O Shining Light: Old English Meditations for Advent and Christmas, introduction and commentary
by Jacob and Mamie Riyeff (Gracewing, £9.99)
In the Venerable Bede there is a passage where a pagan Saxon king likens the life of an individual to the flight of a small birds through the warm and lighted hall of a Anglo-Saxon home, in from the darkness by one window, out by another, a brief moment of life from nothing to nothing. But this when it came to the Saxons from Irish and European missionaries this was not the message of Christianity: that was a message of an eternity of God’s love.
Here in Ireland we inevitably hear and read a lot about Celtic or early Irish Christianity. This leaves many, I suspect, to think there was nothing of the same kind in the other island.
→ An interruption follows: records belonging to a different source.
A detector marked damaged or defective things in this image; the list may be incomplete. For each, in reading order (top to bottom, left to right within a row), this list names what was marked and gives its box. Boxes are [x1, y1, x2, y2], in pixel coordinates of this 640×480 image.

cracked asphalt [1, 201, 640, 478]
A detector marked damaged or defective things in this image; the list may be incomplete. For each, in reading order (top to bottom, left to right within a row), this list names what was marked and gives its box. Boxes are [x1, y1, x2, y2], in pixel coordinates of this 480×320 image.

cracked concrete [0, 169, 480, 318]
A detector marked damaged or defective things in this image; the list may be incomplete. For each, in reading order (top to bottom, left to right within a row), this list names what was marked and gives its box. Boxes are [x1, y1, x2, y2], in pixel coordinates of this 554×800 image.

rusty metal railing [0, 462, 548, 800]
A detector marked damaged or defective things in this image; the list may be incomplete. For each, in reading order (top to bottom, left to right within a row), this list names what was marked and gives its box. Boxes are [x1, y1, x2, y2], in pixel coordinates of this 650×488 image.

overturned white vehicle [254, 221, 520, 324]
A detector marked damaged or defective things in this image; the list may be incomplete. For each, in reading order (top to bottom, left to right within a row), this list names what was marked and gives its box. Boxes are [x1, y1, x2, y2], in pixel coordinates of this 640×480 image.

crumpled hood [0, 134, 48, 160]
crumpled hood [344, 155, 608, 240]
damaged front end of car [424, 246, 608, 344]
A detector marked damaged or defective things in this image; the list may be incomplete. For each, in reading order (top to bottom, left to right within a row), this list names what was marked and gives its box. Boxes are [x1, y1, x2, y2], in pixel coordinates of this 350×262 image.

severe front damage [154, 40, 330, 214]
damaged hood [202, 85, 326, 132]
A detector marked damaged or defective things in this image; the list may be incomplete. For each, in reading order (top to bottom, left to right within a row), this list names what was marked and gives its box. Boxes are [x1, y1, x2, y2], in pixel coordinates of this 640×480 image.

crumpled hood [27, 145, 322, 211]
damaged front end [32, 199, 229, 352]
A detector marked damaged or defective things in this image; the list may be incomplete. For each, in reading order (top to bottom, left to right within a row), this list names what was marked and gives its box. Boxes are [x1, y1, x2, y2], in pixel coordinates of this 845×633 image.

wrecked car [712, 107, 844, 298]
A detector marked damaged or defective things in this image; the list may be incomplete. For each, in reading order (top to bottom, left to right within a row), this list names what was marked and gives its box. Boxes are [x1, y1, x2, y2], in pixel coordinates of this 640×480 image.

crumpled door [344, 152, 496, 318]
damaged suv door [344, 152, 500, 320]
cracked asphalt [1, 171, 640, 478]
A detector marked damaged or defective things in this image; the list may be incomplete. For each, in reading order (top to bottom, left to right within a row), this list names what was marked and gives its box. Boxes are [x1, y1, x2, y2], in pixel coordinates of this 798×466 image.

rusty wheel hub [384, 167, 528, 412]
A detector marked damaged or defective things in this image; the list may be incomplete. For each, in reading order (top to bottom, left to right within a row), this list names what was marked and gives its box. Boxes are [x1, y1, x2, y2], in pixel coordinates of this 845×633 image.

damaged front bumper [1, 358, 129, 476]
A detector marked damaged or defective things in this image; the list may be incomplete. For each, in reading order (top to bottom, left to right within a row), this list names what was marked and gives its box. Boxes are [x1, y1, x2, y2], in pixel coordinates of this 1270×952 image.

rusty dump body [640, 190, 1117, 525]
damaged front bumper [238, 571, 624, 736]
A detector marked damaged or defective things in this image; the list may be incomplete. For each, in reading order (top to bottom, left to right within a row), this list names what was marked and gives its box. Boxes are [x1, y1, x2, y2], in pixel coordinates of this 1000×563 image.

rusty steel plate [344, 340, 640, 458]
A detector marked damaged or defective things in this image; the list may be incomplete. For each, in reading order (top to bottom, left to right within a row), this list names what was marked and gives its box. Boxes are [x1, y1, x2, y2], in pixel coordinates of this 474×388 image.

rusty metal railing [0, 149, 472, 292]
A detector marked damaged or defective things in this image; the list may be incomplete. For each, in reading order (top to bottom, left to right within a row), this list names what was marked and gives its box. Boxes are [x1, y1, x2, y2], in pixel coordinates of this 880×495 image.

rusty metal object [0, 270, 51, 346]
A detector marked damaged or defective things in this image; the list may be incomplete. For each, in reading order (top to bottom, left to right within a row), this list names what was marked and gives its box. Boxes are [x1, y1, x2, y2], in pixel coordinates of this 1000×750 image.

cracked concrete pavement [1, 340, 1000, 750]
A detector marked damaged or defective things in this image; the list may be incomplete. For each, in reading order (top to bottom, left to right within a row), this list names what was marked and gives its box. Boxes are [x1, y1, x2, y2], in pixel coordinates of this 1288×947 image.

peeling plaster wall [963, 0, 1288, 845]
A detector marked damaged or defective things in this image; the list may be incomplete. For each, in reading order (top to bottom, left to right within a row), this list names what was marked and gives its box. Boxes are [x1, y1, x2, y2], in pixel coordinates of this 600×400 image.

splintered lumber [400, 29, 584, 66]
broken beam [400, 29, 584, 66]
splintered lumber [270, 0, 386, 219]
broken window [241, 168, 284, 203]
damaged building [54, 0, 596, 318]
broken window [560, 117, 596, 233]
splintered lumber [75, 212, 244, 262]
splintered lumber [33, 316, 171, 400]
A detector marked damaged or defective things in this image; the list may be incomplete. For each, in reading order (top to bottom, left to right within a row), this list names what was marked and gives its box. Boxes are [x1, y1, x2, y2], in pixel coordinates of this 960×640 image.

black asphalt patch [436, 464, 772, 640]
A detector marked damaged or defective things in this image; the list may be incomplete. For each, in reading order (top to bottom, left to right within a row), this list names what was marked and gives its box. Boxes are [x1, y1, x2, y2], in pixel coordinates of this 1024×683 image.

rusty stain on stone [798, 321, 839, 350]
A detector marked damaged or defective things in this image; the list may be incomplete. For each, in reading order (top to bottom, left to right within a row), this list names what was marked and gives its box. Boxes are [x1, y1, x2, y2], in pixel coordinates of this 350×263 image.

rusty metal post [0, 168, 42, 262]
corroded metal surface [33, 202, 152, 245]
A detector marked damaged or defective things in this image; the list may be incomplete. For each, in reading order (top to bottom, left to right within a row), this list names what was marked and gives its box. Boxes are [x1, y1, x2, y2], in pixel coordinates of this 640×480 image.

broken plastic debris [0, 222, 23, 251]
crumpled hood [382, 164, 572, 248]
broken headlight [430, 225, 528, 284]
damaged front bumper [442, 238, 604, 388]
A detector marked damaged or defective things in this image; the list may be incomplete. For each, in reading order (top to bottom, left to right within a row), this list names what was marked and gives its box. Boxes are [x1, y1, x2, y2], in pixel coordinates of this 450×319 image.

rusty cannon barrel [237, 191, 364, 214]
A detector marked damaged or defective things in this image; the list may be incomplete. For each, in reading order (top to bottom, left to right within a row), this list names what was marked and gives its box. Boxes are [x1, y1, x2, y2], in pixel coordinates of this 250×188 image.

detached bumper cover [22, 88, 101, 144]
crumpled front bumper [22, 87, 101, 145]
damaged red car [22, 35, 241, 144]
But here two Americans have garnered the Christmas lyrics from the Anglo-Saxon Book of Exeter, to which they had added an introduction and commentary that provides an illuminating insight into the outlook of early Anglo-Saxon faith across the water.
The manuscript which contains them is the largest anthology of Anglo-Saxon literature that survives and dates from the 900s in part. This edition (though not a new translation – their texts are taken from an academic version of 1936) makes not only an ideal little book for Advent and Christmas reading, but a resource to dip into all the year round.
It reminds me in a way of Frank O’Connor’s album The Little Monasteries. In both books there is the voice of new faith, fresh as the dew, which is deeply appealing.